Required work:
Span requested from the data below: the line with "Muchas personas destrozan" through the line with "Gorgeous Feather Tattoo Designs", both included. Give only these lines again, exactly, and leave every picture out.

Segment Start: Data extracts

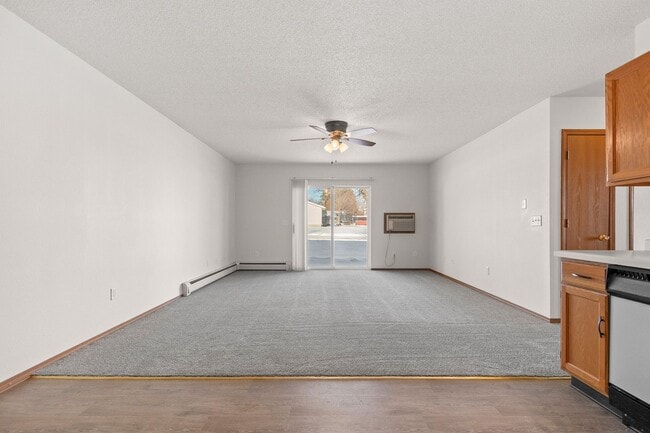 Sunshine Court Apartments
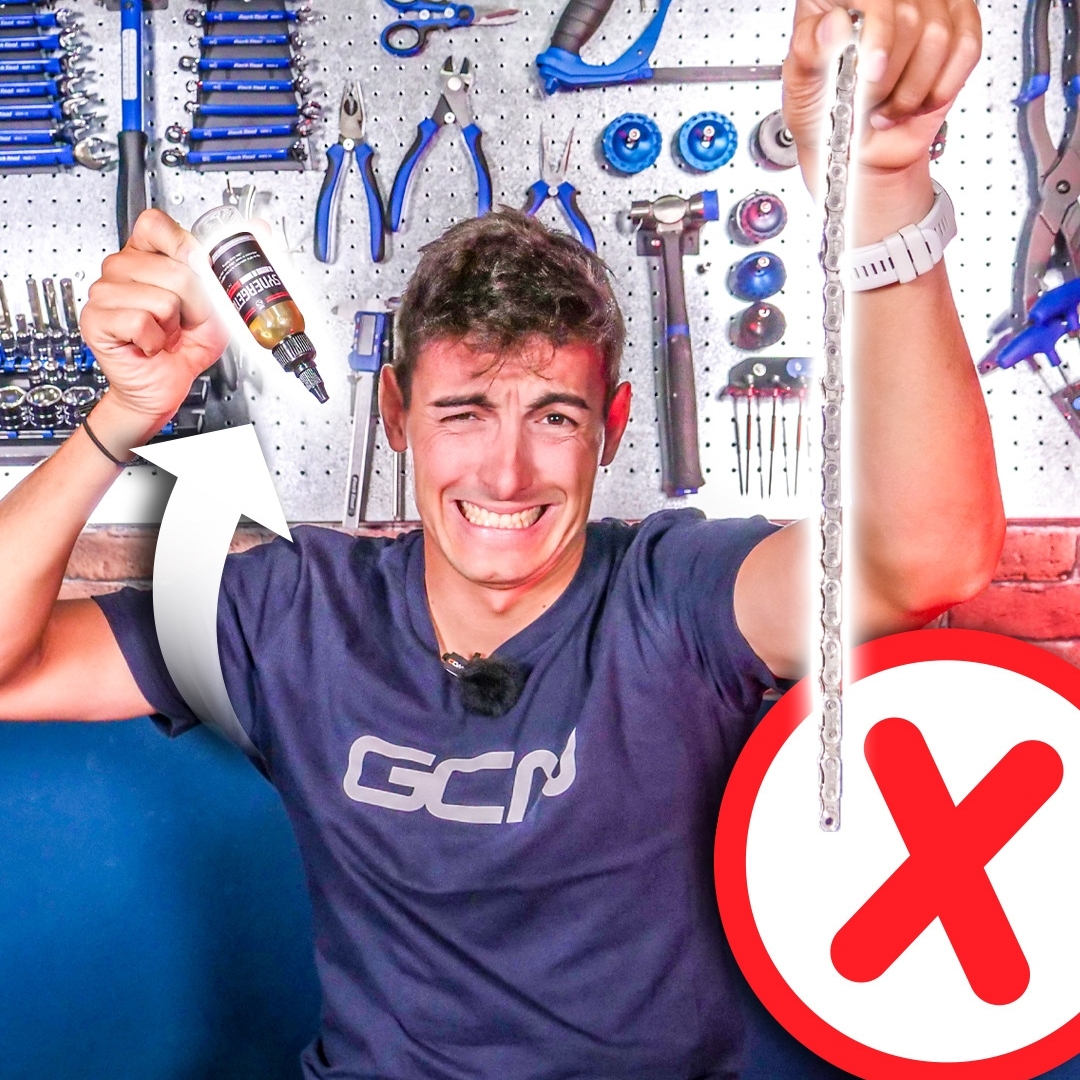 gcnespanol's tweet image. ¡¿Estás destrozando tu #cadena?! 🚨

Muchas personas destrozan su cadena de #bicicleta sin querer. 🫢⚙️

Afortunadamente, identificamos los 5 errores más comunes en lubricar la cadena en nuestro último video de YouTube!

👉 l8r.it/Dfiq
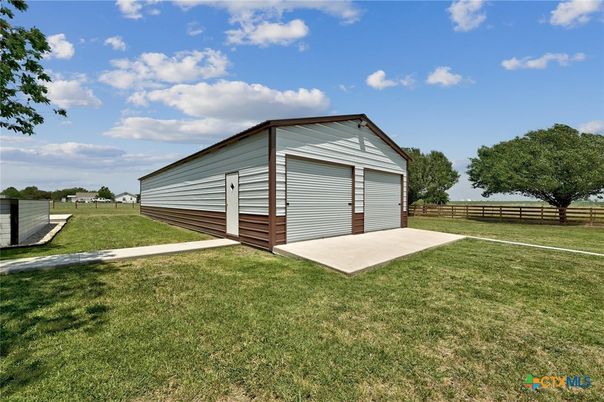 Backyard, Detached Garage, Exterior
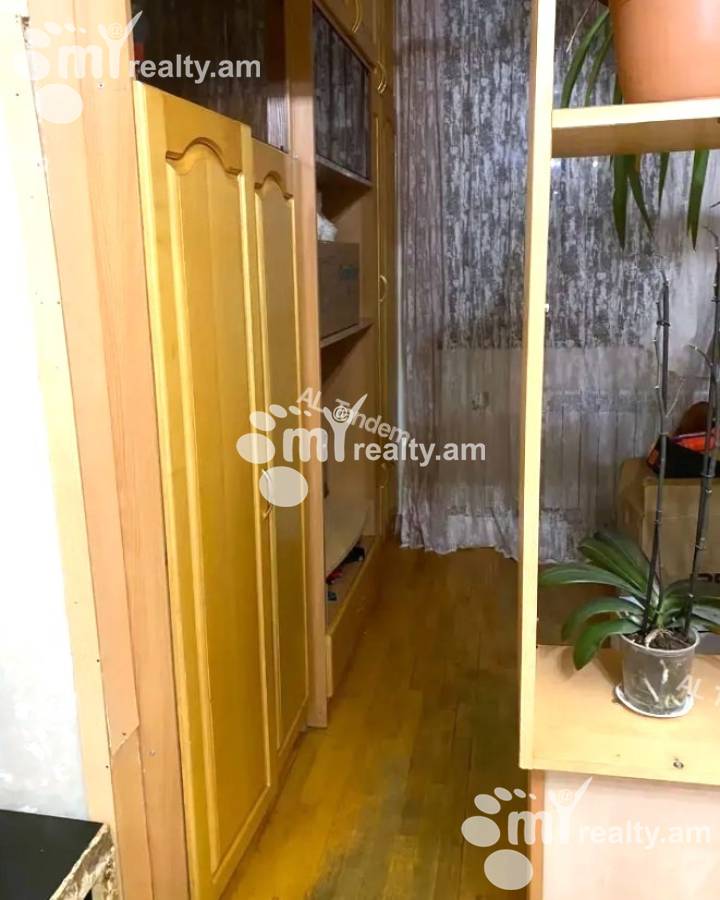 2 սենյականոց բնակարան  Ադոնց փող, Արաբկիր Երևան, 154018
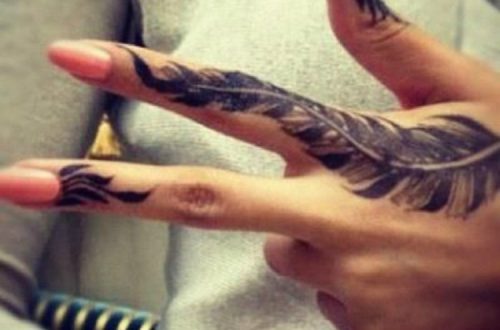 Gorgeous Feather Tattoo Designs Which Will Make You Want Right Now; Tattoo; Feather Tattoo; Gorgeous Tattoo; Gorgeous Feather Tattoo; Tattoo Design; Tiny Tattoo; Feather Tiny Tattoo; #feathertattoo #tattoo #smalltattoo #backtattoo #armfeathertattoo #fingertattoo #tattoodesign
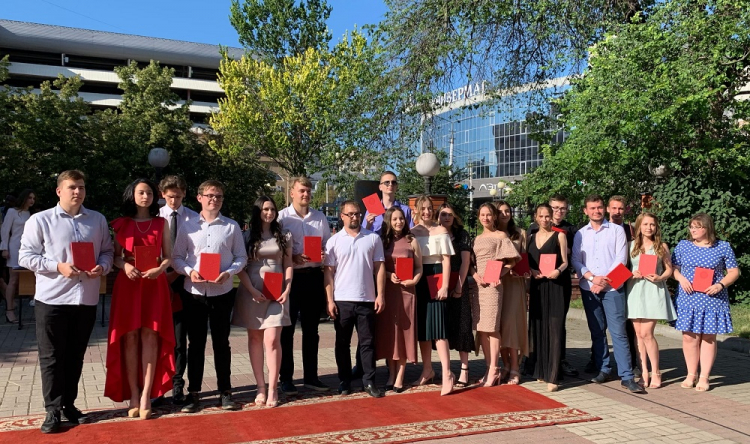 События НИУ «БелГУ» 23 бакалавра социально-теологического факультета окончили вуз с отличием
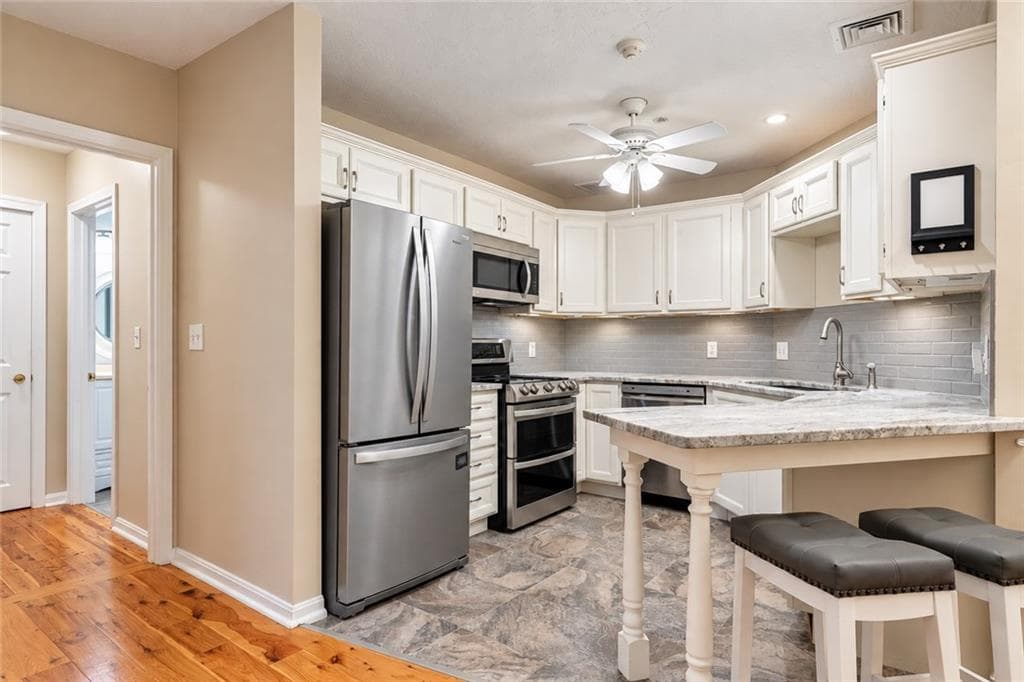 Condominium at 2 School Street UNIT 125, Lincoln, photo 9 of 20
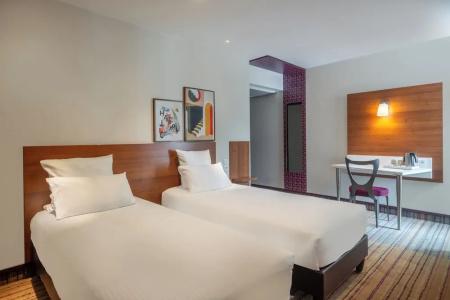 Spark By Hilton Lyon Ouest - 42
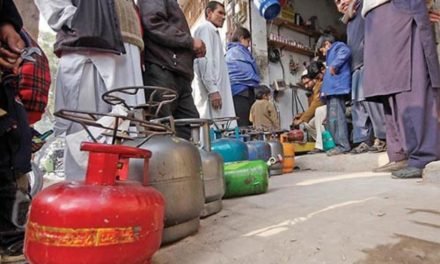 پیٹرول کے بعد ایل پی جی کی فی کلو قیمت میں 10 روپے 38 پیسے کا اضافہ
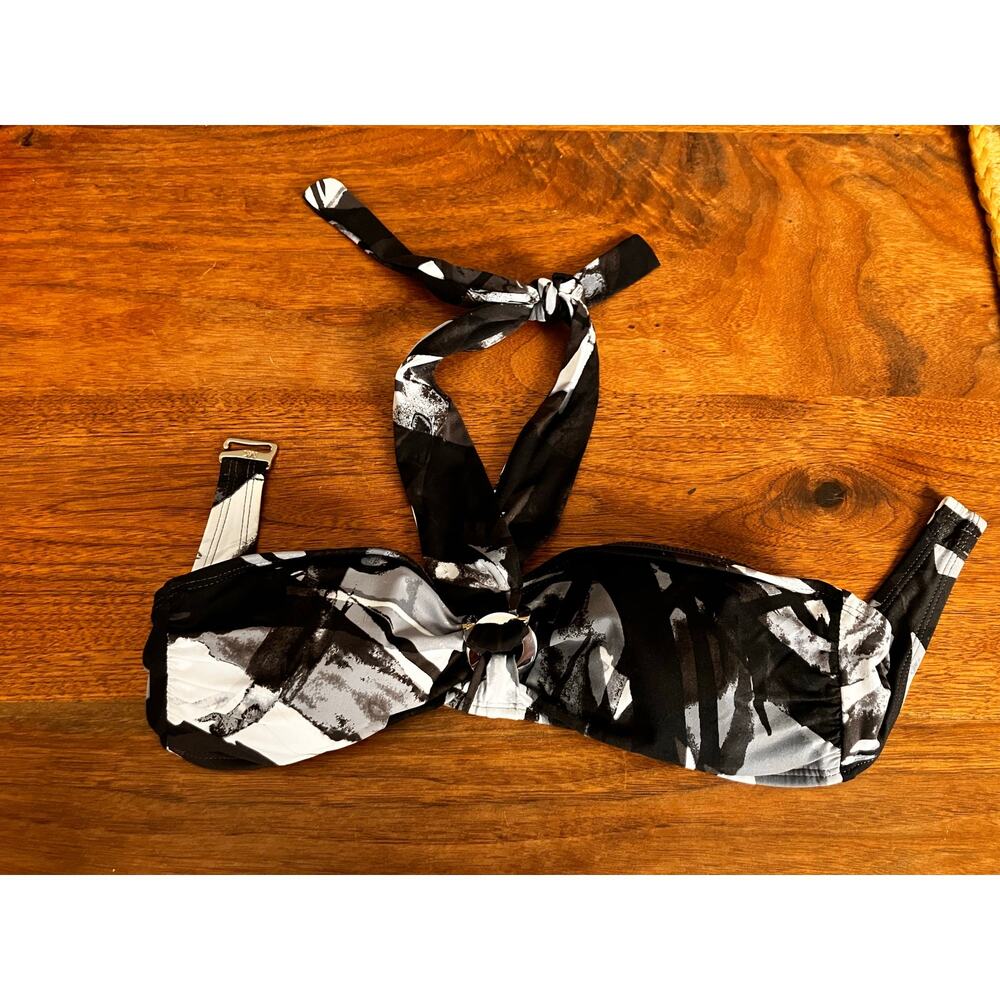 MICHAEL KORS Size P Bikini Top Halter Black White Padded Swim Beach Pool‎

Segment End: Data extracts

Your solution:
Muchas personas destrozan su cadena de #bicicleta sin querer. 🫢⚙️

Afortunadamente, identificamos los 5 errores más comunes en lubricar la cadena en nuestro último video de YouTube!

👉 l8r.it/Dfiq
 Backyard, Detached Garage, Exterior
 2 սենյականոց բնակարան  Ադոնց փող, Արաբկիր Երևան, 154018
 Gorgeous Feather Tattoo Designs Which Will Make You Want Right Now; Tattoo; Feather Tattoo; Gorgeous Tattoo; Gorgeous Feather Tattoo; Tattoo Design; Tiny Tattoo; Feather Tiny Tattoo; #feathertattoo #tattoo #smalltattoo #backtattoo #armfeathertattoo #fingertattoo #tattoodesign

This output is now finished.